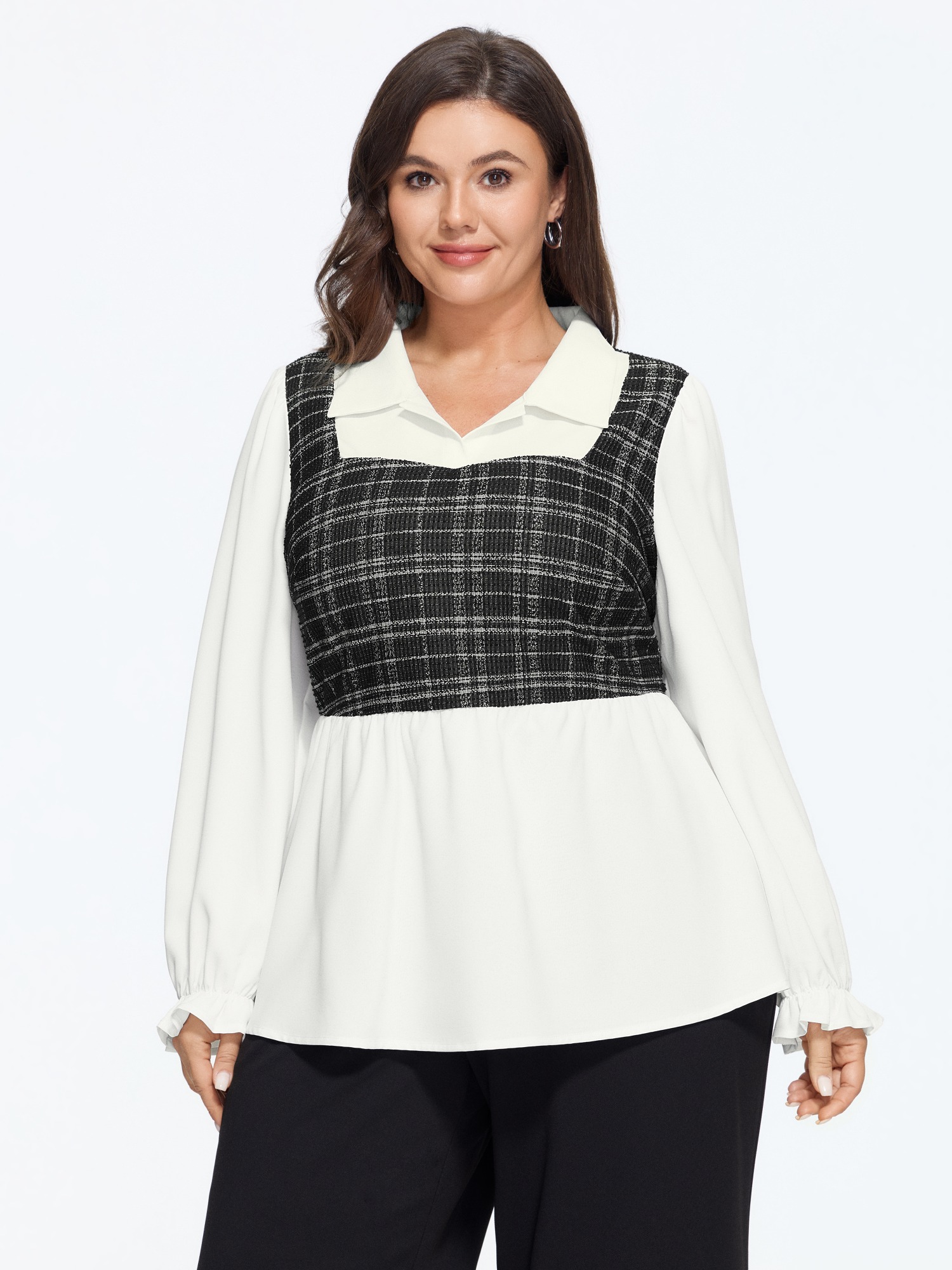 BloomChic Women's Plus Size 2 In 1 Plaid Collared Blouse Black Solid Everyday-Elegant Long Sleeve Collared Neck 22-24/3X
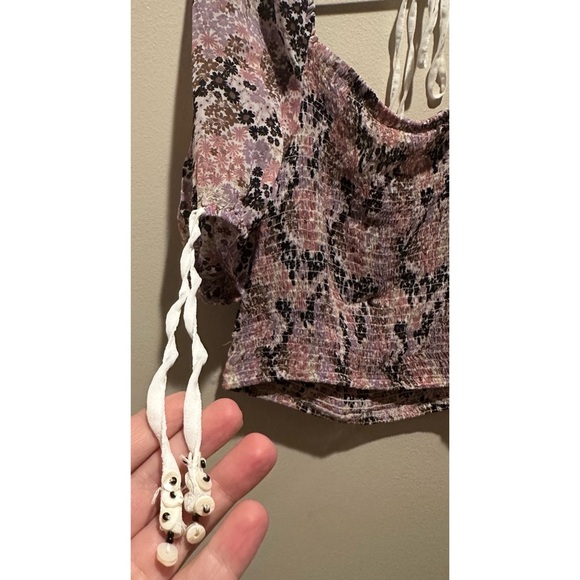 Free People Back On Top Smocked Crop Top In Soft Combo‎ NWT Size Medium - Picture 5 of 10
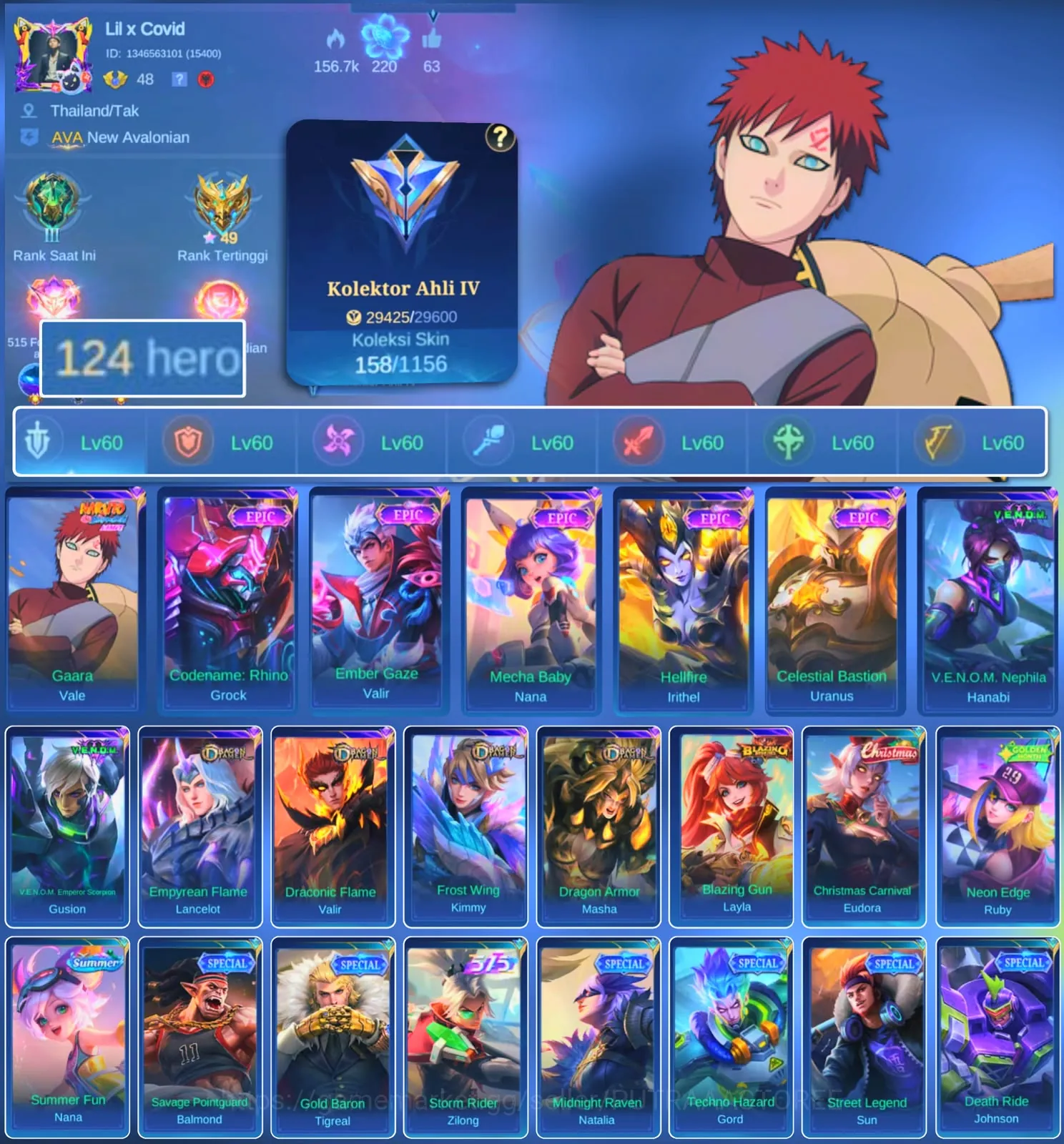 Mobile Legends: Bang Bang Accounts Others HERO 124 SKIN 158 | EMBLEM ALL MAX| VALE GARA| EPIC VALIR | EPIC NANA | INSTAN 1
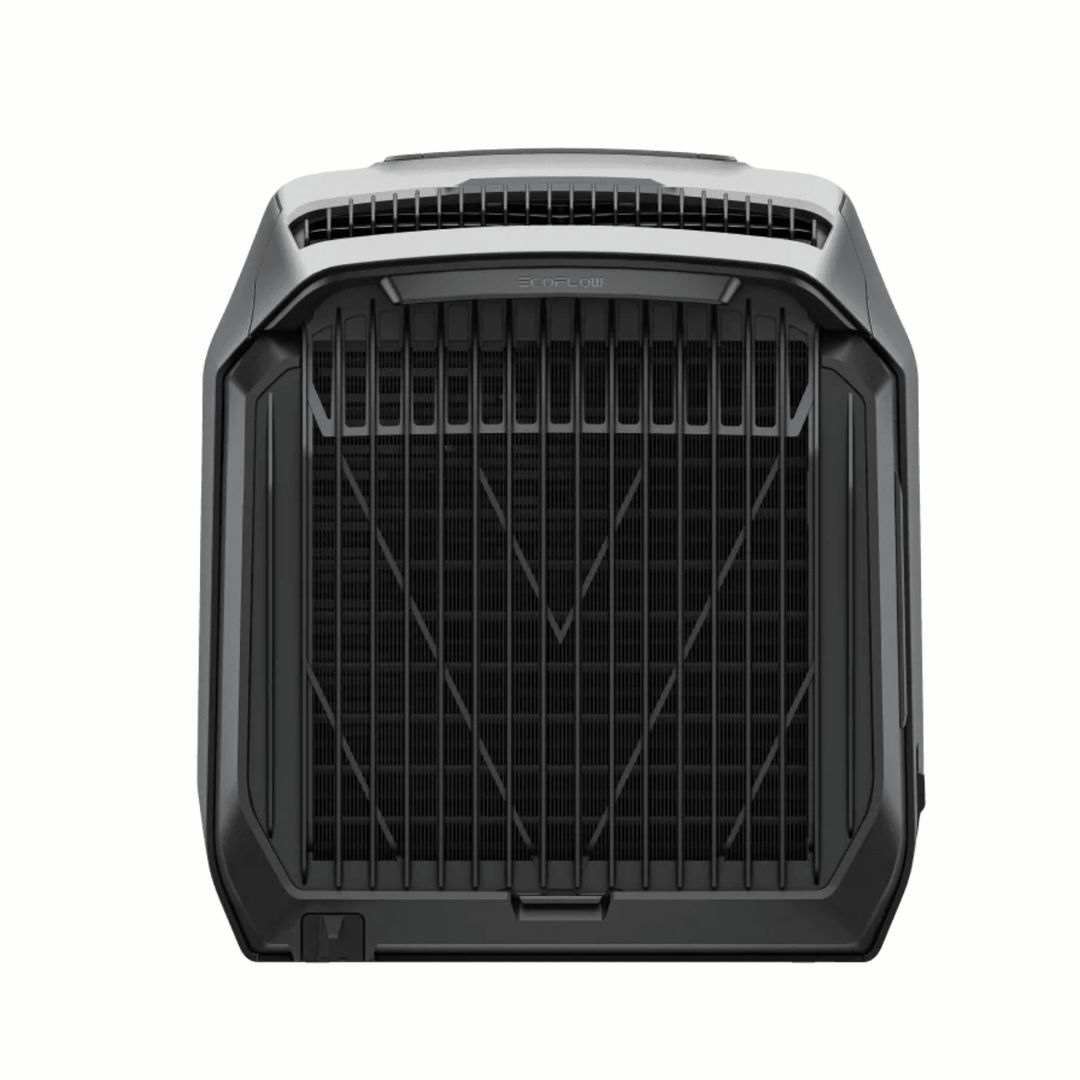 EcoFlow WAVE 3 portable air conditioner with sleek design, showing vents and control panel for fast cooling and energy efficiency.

---+---

## [TASK STATEMENT]
Leave the images out. Set down all of the material above exactly.

## [SOLVED EXERCISE]
 BloomChic Women's Plus Size 2 In 1 Plaid Collared Blouse Black Solid Everyday-Elegant Long Sleeve Collared Neck 22-24/3X
 Free People Back On Top Smocked Crop Top In Soft Combo‎ NWT Size Medium - Picture 5 of 10
 Mobile Legends: Bang Bang Accounts Others HERO 124 SKIN 158 | EMBLEM ALL MAX| VALE GARA| EPIC VALIR | EPIC NANA | INSTAN 1
 EcoFlow WAVE 3 portable air conditioner with sleek design, showing vents and control panel for fast cooling and energy efficiency.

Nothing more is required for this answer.